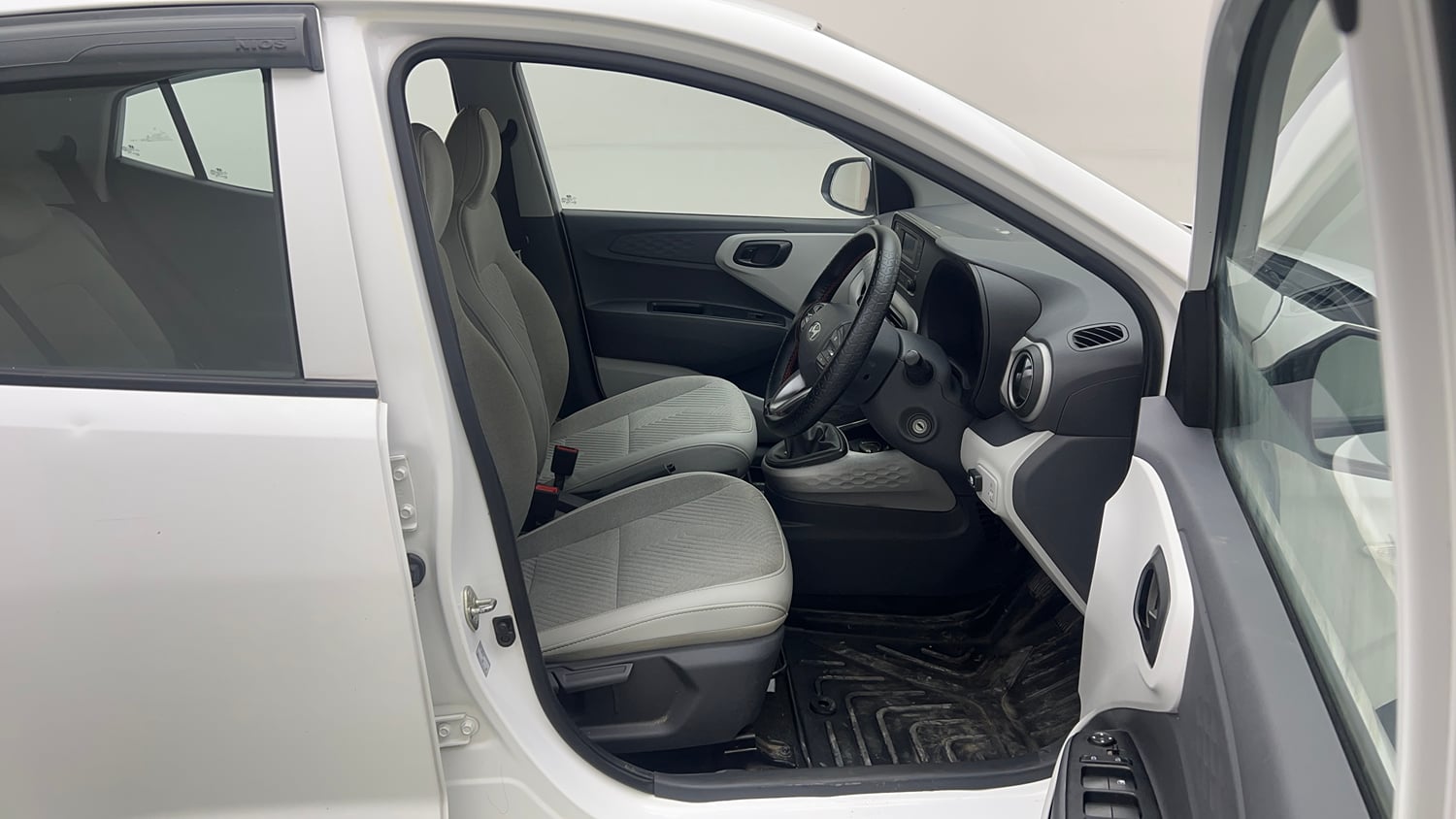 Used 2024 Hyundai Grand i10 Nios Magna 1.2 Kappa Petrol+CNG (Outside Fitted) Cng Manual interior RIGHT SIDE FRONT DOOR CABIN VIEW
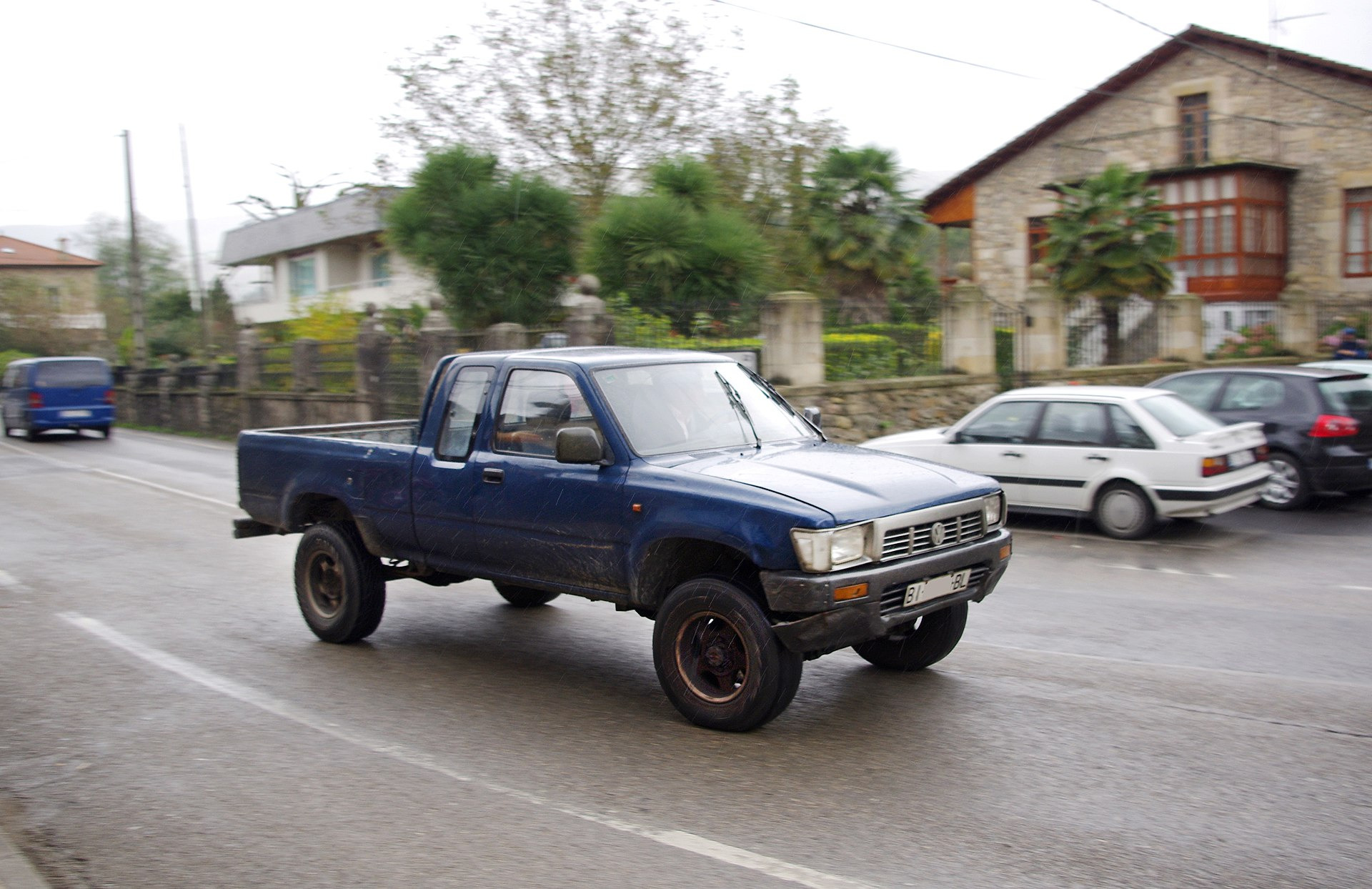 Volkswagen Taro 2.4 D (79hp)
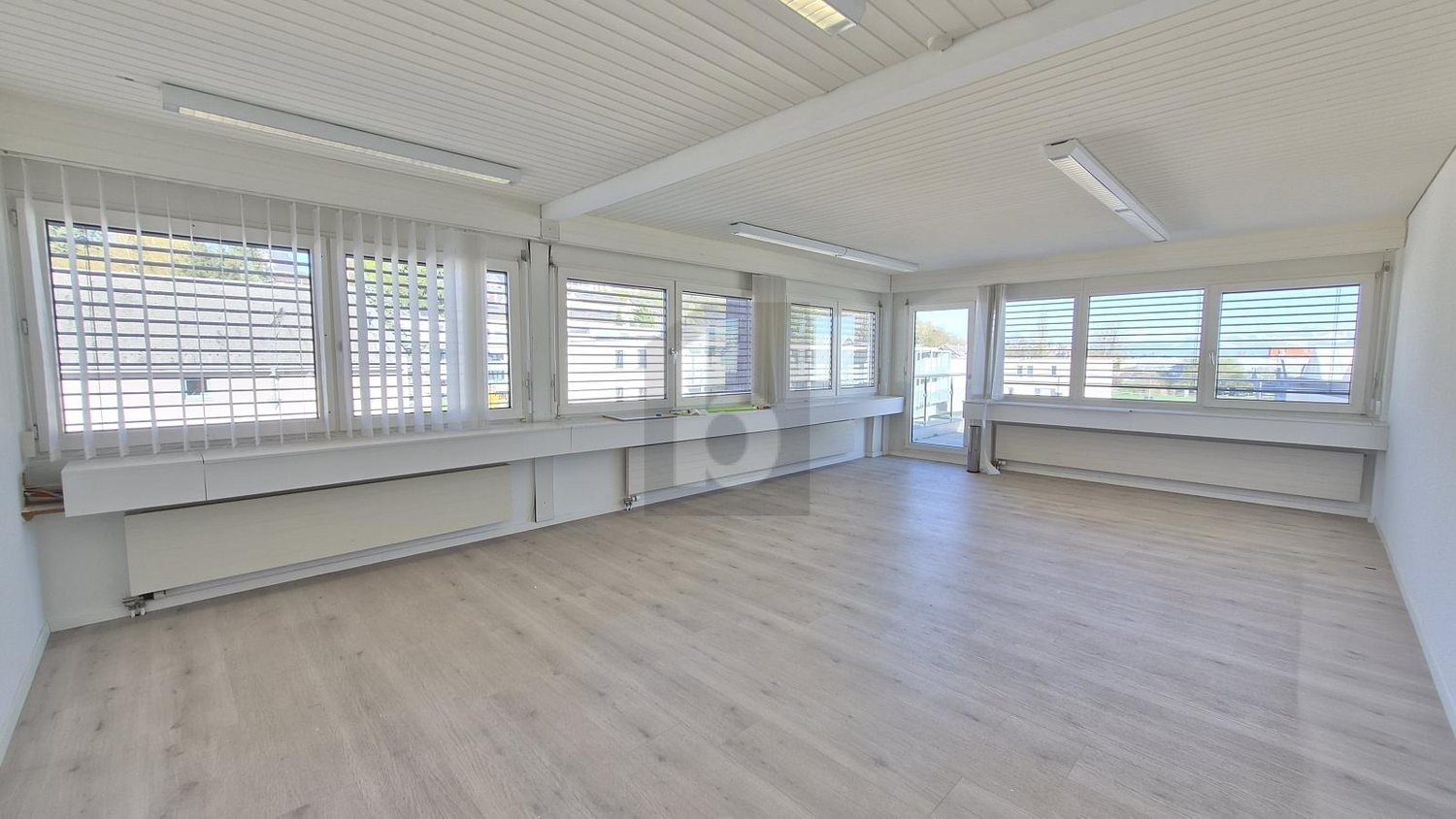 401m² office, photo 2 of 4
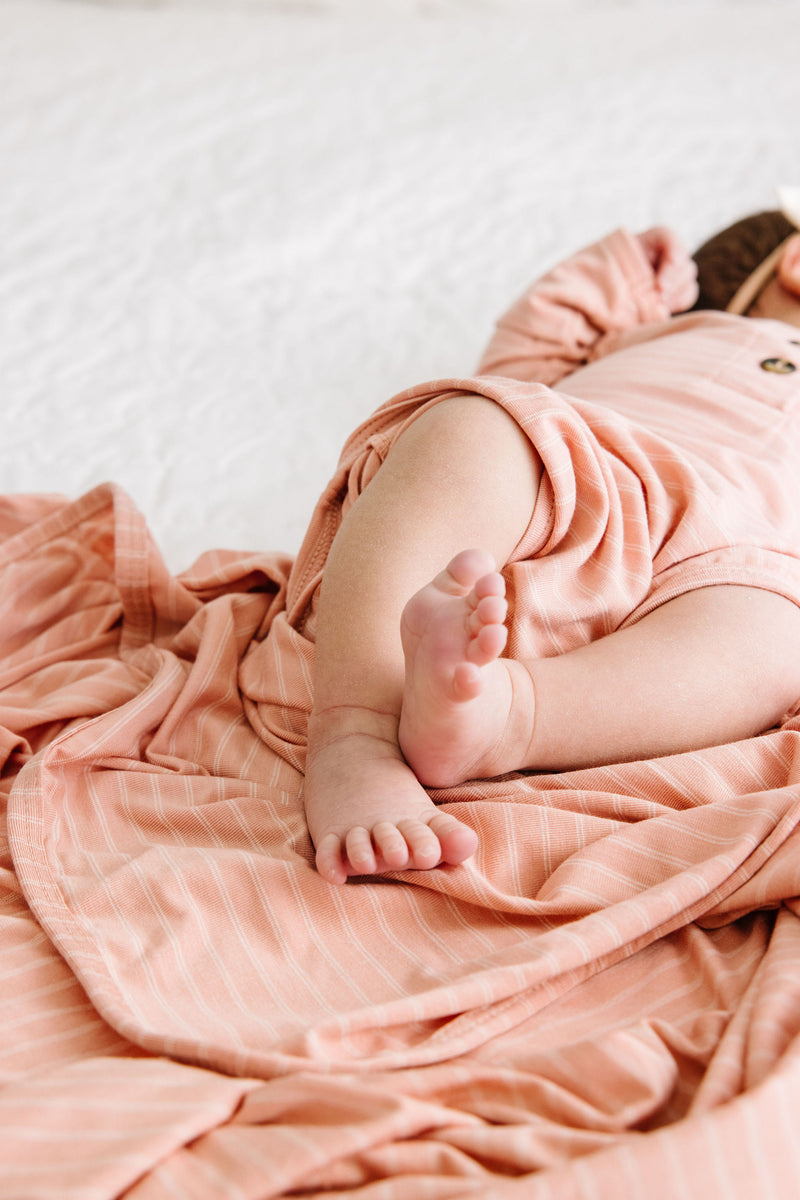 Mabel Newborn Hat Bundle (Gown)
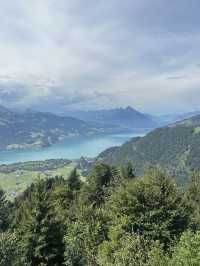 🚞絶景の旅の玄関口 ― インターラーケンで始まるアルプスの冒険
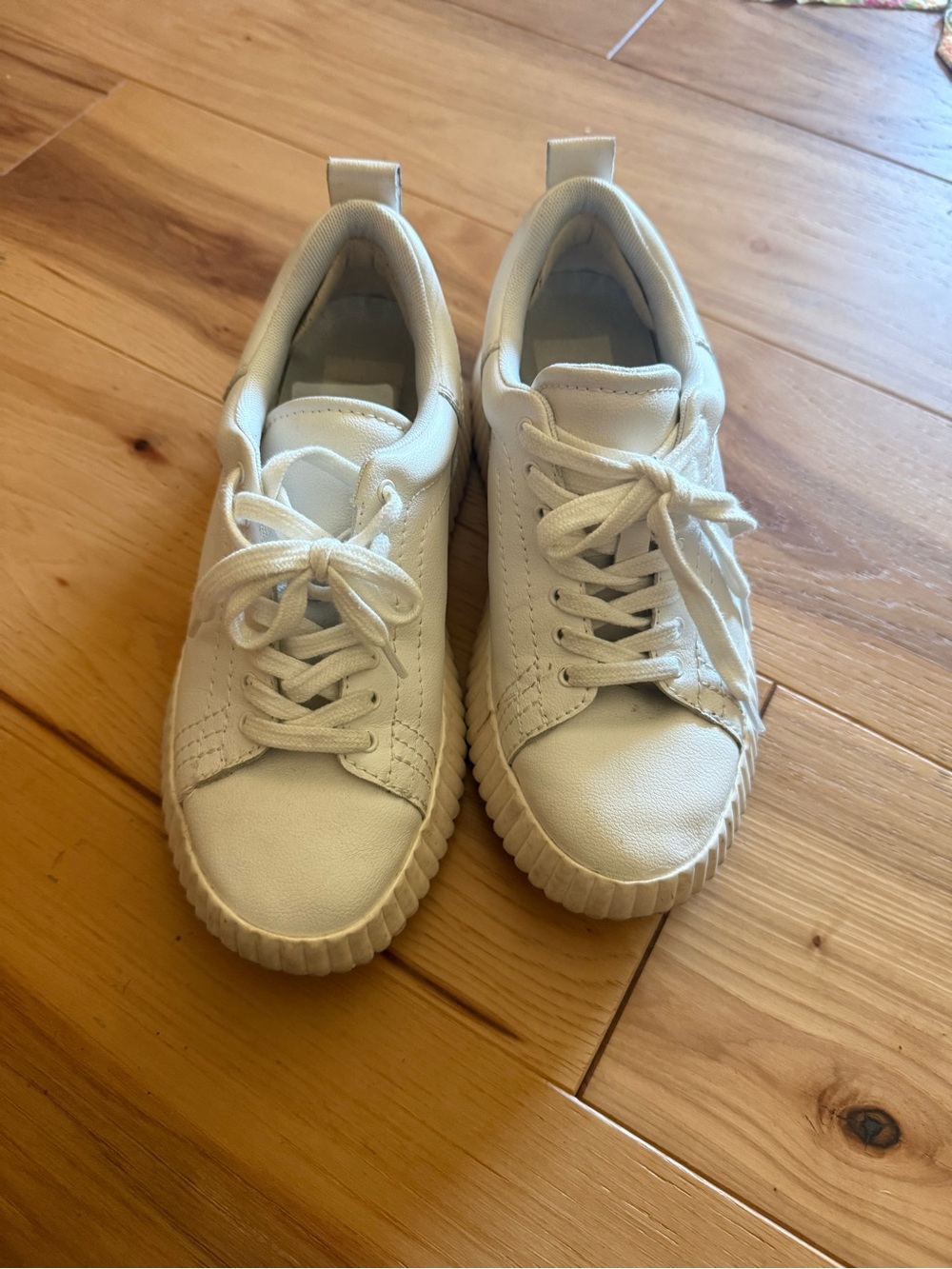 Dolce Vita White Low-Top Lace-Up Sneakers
━━━━━━━━━━━━━━━━
Task brief:
Please reproduce only the lines from the one holding "401m² office, photo 2 of 4" through the final line of the listing above, both included, with each picture left out.

Your solution:
 401m² office, photo 2 of 4
 Mabel Newborn Hat Bundle (Gown)
 🚞絶景の旅の玄関口 ― インターラーケンで始まるアルプスの冒険
 Dolce Vita White Low-Top Lace-Up Sneakers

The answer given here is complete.